Extracted information:

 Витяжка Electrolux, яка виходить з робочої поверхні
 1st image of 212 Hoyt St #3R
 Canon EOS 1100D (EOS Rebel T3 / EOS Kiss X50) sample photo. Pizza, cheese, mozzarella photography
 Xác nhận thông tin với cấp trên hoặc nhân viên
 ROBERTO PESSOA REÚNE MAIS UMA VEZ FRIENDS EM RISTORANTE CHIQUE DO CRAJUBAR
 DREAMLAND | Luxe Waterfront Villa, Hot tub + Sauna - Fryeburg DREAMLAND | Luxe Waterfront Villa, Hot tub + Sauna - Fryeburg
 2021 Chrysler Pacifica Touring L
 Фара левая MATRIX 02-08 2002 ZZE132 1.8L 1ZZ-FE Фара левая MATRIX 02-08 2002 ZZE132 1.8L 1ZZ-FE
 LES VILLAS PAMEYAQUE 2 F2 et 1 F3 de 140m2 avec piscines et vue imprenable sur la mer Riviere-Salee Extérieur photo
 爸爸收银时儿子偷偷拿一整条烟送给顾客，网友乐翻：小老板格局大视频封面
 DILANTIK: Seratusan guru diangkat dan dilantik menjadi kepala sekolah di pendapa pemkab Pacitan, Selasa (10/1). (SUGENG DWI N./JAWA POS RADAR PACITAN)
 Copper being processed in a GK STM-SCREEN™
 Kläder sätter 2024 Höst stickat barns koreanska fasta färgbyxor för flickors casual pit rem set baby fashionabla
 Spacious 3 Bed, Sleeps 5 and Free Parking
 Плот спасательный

Description of the task: Write out, unaltered, the lines from the opening of the listing through the line that includes "ROBERTO PESSOA REÚNE".

Output below:
 Витяжка Electrolux, яка виходить з робочої поверхні
 1st image of 212 Hoyt St #3R
 Canon EOS 1100D (EOS Rebel T3 / EOS Kiss X50) sample photo. Pizza, cheese, mozzarella photography
 Xác nhận thông tin với cấp trên hoặc nhân viên
 ROBERTO PESSOA REÚNE MAIS UMA VEZ FRIENDS EM RISTORANTE CHIQUE DO CRAJUBAR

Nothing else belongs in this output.